What you need to do:
Copy exactly, and only, the lines from the line containing "Appraisal: Grp Early" through the last line of the records below, both included, and leave out any pictures.

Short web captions
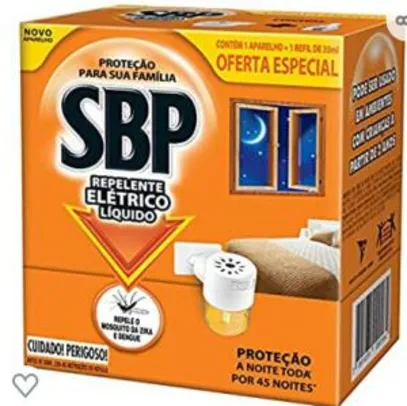 (comprando com recorrência) Repelente Elétrico Líquido 45 Noites Kit Com Aparelho e Refil, SBP - R$8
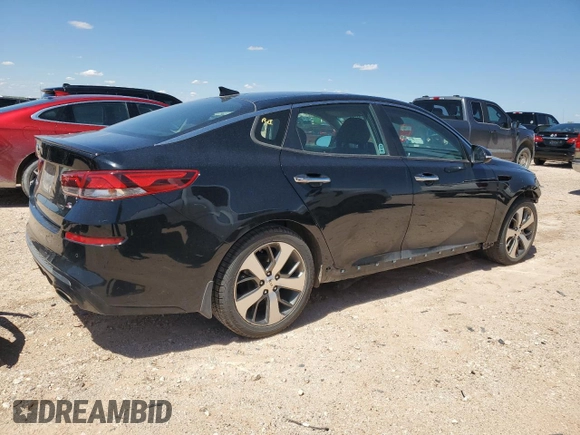 2020 Kia Optima LX with VIN 5XXGT4L34LG435674, listed as a Copart auction lot 56053795 with 98,494 mi miles and Salvage title. Bid and sale history available at DreamBid. Image 3.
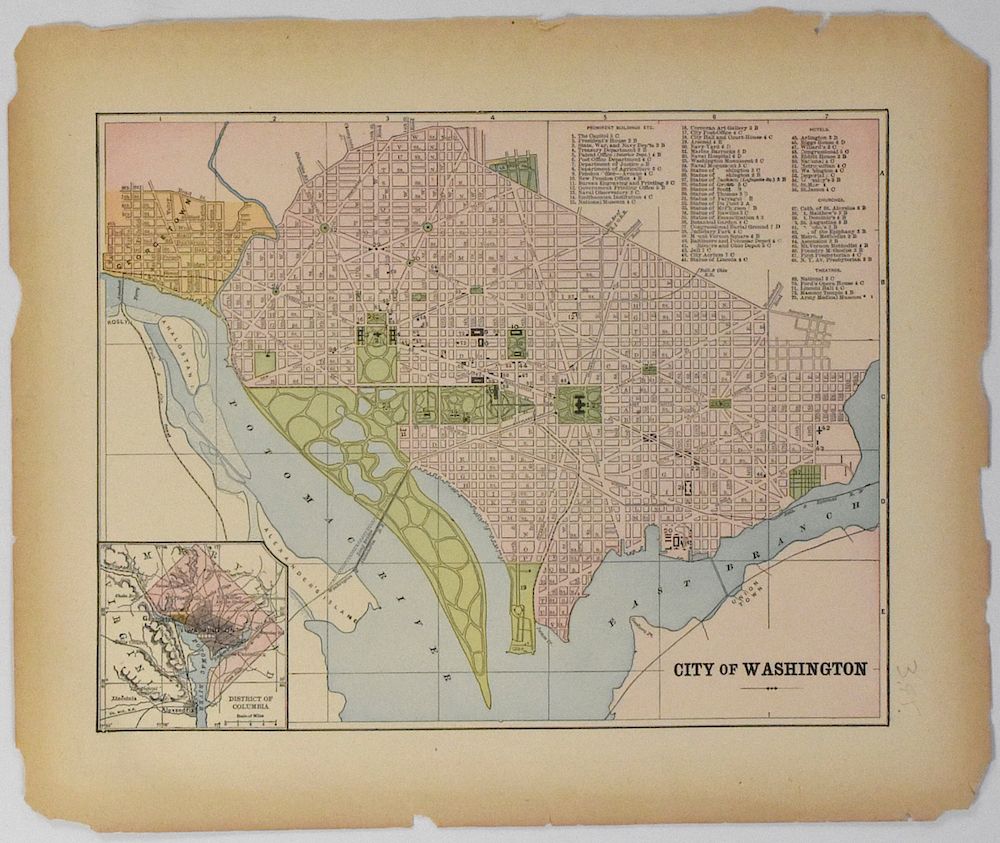 Appraisal: Grp Early Maps of US Cities Group of maps primarily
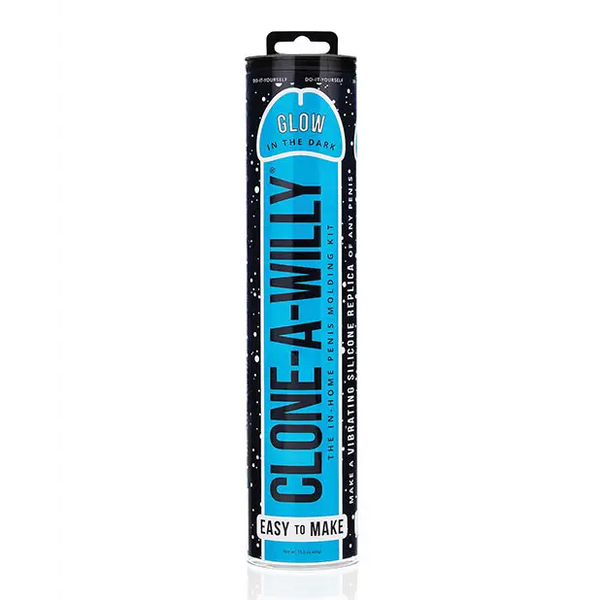 Clone-A-Willy Kit Vibrating Glow in the Dark - Blue - Dongs & Dildos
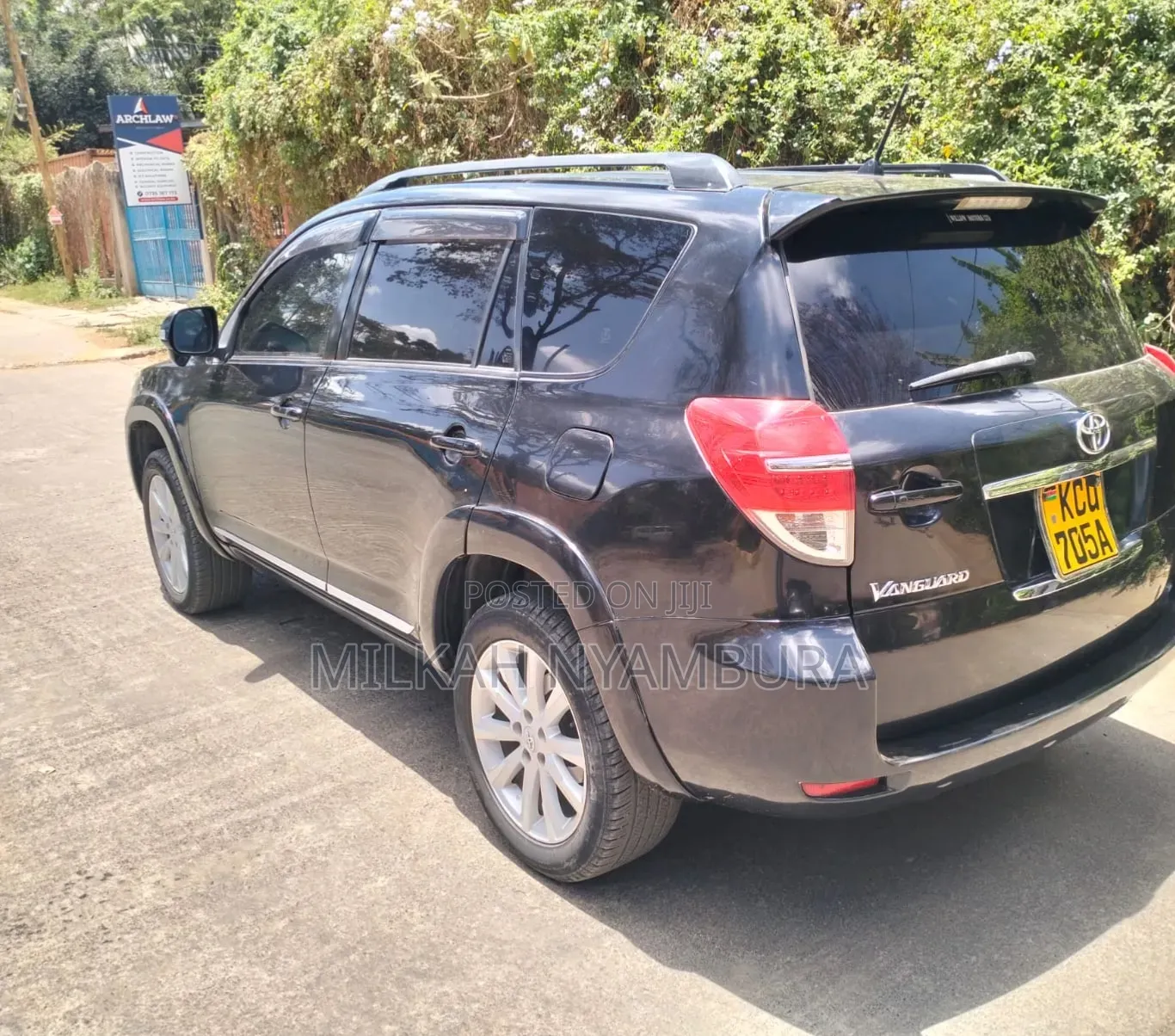 Toyota Vanguard 2008 Black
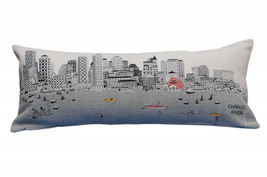 35" White Boston Daylight Skyline Lumbar Decorative Pillow - $155.49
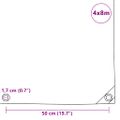vidaXL Celta 650 g/m² 4x8 m čierna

Solved problem:
 Appraisal: Grp Early Maps of US Cities Group of maps primarily
 Clone-A-Willy Kit Vibrating Glow in the Dark - Blue - Dongs & Dildos
 Toyota Vanguard 2008 Black
 35" White Boston Daylight Skyline Lumbar Decorative Pillow - $155.49
vidaXL Celta 650 g/m² 4x8 m čierna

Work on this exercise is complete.